Cell membrane disruption is another critical antibacterial mechanism of TiO2. The physical interaction between TiO2 nanoparticles and microbial surfaces can cause mechanical damage, especially under light irradiation. Positively charged TiO2 surfaces attract negatively charged bacterial membranes, facilitating close contact. ROS generated at the interface degrade lipid bilayers, increasing membrane permeability and causing leakage of intracellular contents. Studies have shown that TiO2 photocatalysis leads to the loss of potassium ions and proteins from bacterial cells, indicating severe membrane damage. For viruses, the oxidative degradation of capsid proteins and envelope lipids results in loss of infectivity.

The inactivation kinetics of bacteria and viruses by TiO2 photocatalysis typically follow a two-phase process. An initial rapid decline in microbial viability occurs due to ROS-mediated outer membrane damage, followed by a slower phase involving deeper oxidative destruction of internal cellular components. Gram-negative bacteria, with their thinner peptidoglycan layer, are generally more susceptible than Gram-positive species.
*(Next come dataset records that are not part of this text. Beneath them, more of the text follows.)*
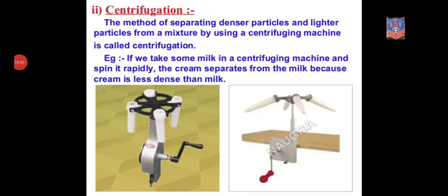The second method is centrifugation. Sometimes solid particles in a liquid are very small and pass through filter paper, so filtration cannot be used. Such mixtures are separated by the centrifugation method using a centrifugation machine. The principle is that the denser particles are forced to the bottom and the lighter particles stay at the top when the mixture is spun rapidly.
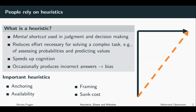Another important effect is the framing effect. The framing effect is a cognitive bias where people decide on options based on how they are framed — for example, they decide differently when a payment is described as a loss versus a gain. It is often observed that people tend to avoid risk when a positive frame is used, but are more risk-seeking when the frame is presented more negatively.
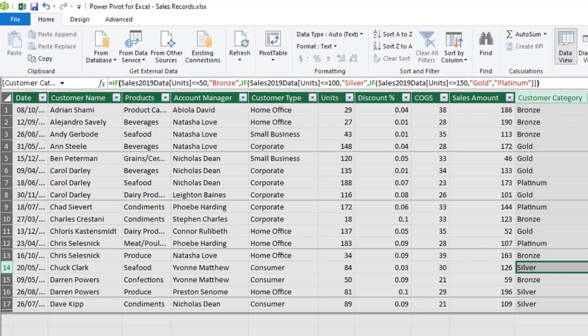So this is essentially how we write IF statements in the DAX environment. So I hope you've learned something new. If you enjoyed it, click on likes, comment and subscribe to my YouTube channel. Thank you and bye for now.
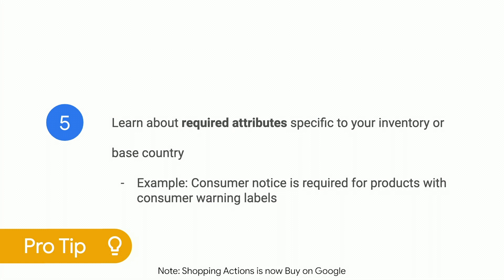Finally, make sure you know which attributes are required for your specific category of products or your base country. Consumer notice, for instance, is required for products with consumer warning labels.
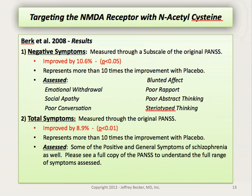Specifically regarding the negative symptoms, these were measured through a subscale of the original PANSS and improved by 10.6%, representing more than 10 times the improvement seen with placebo. This aspect of the PANSS assesses emotional withdrawal, social apathy, poor conversational capacity, blunted affect, poor rapport and interpersonal connectedness, poor abstract thinking, and stereotyped thinking. Regarding total symptoms measured through the original PANSS, these improved by 8.9%, also representing more than 10 times the improvement seen with placebo. This area assessed some of the positive and general symptoms of schizophrenia as well.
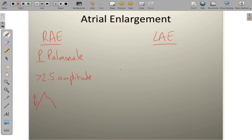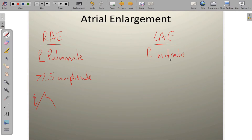Left atrial enlargement is also referred to as P-mitral, and this is often due to mitral valve stenosis. As that stenotic mitral valve causes the left atrium above it to work harder to overcome the pressures inside, the P-wave assumes a very specific shape. By the way, I should mention that the 2.5 millimeters of amplitude for right atrial enlargement is measured in lead 2.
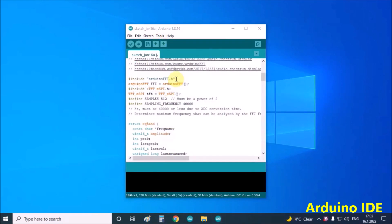As I mentioned earlier, this time we will install an application that will turn the WIO Terminal into a spectrum analyzer that will use the built-in microphone. For this sketch, we also need to install two libraries.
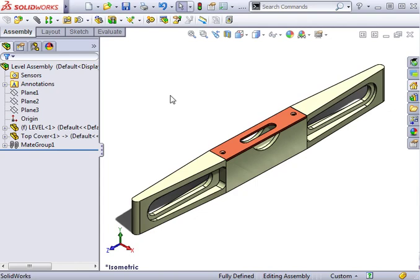Suppose you want to reuse a component that's designed in the context of an assembly. If you decide to add it to other assemblies, you run the risk of creating problems should you ever make changes to the original design. Scenarios like this often lead users to remove external references. Let's take a look at some of the ways this can be accomplished.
However, prolonged exposure ensures effective inactivation of both types. Viral inactivation depends on the structure, with enveloped viruses being more vulnerable due to lipid membrane sensitivity to oxidation.

Light-dependent efficacy is a defining feature of TiO2 photocatalysis. Ultraviolet (UV) light in the UVA range (315–400 nm) is most effective for activating pure TiO2 due to its bandgap energy requirements. However, modifications such as doping with nitrogen or carbon can extend light absorption into the visible spectrum. The intensity of light also influences ROS generation rates, with higher intensities typically accelerating microbial inactivation up to a saturation point. The duration of irradiation must be sufficient to ensure complete pathogen destruction, as partial exposure may allow cellular repair mechanisms to mitigate damage.

Material stability is crucial for sustained photocatalytic activity. TiO2 exhibits excellent chemical inertness and photostability, resisting degradation under prolonged UV exposure. However, surface fouling by organic residues or aggregation of nanoparticles can reduce efficiency over time. Strategies to enhance stability include immobilizing TiO2 on substrates like glass or metal oxides to prevent particle loss and maintain reactive surface area. The anatase phase of TiO2 is generally more photocatalytically active than rutile, though mixed-phase catalysts like P25 (approximately 80% anatase, 20% rutile) often show superior performance due to synergistic effects.

Environmental factors such as pH, humidity, and the presence of organic matter can influence photocatalytic efficiency. Neutral to slightly acidic pH conditions are optimal for ROS generation, while high humidity supports hydroxyl radical formation. Organic contaminants may compete with microbes for ROS, requiring adjusted treatment times. Despite these variables, TiO2 remains robust across diverse conditions, making it suitable for applications ranging from water disinfection to self-cleaning surfaces.

The antibacterial action of TiO2 has been demonstrated against a broad spectrum of pathogens, including Escherichia coli, Staphylococcus aureus, and influenza viruses. Quantitative studies report log reductions in microbial viability ranging from 3 to 6 orders of magnitude within hours of irradiation, depending on experimental conditions. The non-specific mechanism of ROS attack minimizes the risk of microbial resistance development, a significant advantage over conventional antibiotics.

In summary, TiO2 photocatalysis offers a potent, light-driven antimicrobial approach through ROS generation, membrane disruption, and oxidative inactivation. Its efficacy is tunable based on light parameters and material properties, while its stability ensures long-term usability. These characteristics position TiO2 as a valuable tool for combating bacterial and viral contamination in environmental and biomedical settings. Further optimization of light absorption and catalytic activity will expand its applicability across emerging antimicrobial challenges.